Cross-inscribed stone, Kilmoremoy, Co. Mayo
Co. Mayo |
Crosses & Monuments
At League Cemetery in Kilmoremoy, County Mayo, a large irregular rock rises about seventy centimetres from the ground, most likely a natural outcrop of bedrock rather than a placed monument.
On its vertical western face, someone at some point in the early medieval period took a tool to the stone and carved with considerable precision: an equal-armed cross enclosed within two concentric circles, the whole composition no more than forty centimetres across. It is a quiet, almost miniature piece of work on a very large and immovable rock.
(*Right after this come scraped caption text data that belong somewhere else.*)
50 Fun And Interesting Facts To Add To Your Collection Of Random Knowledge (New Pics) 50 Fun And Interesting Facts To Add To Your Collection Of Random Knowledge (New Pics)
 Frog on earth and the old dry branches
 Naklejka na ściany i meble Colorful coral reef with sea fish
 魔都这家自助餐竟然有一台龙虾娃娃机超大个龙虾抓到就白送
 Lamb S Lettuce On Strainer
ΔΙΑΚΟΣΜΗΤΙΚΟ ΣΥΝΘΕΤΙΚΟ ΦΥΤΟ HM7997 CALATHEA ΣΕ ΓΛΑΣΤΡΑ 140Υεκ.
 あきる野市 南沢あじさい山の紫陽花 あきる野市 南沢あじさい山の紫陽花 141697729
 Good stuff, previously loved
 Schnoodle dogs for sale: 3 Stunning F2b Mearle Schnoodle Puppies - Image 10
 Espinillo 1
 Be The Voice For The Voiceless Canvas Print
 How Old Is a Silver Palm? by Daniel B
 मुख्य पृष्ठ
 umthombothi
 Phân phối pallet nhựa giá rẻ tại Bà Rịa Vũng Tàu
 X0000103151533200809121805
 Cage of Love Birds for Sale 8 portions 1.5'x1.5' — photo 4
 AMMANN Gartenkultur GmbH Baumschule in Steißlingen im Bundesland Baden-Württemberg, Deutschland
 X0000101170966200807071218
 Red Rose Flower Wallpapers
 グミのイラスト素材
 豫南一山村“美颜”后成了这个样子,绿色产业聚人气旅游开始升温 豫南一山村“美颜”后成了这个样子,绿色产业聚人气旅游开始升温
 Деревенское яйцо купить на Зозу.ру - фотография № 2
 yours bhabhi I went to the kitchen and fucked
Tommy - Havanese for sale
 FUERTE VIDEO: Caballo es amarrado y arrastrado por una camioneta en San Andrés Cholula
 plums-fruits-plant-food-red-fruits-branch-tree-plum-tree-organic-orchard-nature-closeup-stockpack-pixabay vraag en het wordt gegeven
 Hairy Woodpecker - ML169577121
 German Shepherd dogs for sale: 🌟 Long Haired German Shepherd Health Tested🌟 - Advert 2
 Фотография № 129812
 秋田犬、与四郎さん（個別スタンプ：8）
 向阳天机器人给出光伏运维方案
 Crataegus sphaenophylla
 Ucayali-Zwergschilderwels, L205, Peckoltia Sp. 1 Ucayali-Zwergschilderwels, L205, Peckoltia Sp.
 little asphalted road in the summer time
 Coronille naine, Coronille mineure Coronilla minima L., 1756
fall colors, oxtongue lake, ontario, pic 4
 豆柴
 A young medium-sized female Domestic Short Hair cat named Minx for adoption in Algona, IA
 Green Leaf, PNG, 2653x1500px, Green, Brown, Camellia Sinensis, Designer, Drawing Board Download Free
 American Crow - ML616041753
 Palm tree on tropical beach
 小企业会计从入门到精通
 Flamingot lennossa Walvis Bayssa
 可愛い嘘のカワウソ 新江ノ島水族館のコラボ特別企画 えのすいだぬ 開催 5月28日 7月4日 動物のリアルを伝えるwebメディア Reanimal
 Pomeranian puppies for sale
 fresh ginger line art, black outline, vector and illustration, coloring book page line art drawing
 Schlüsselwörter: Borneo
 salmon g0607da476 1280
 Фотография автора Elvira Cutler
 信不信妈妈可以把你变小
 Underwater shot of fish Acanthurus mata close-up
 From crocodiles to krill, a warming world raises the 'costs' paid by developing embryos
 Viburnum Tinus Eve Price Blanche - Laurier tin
The carving is executed in incised grooves, the kind made by repeated scoring rather than single deep cuts. The cross arms and shaft extend outward to meet the edge of the innermost circle, creating a wheel-cross form, and between each of the four arms there is a curved incised arc that defines the quadrant space. At the centre of each of those quadrants there was once a small dimple, now barely visible. Cross-in-circle designs of this type are associated with early Christian activity in Ireland, often appearing on stones near monastic enclosures or burial grounds, and the local tradition attached to this particular rock fits that context well. The stone is known in Irish as Lia-na-manach, meaning Stone of the monks. The enclosure in which it sits is itself circular, a form commonly associated with early ecclesiastical settlements, and the whole complex is set within the older burial ground that bears the name League Cemetery. Whether the enclosure predates the carving, or the two features belong to the same period of use, is not recorded, but their proximity suggests a long continuity of significance at this spot.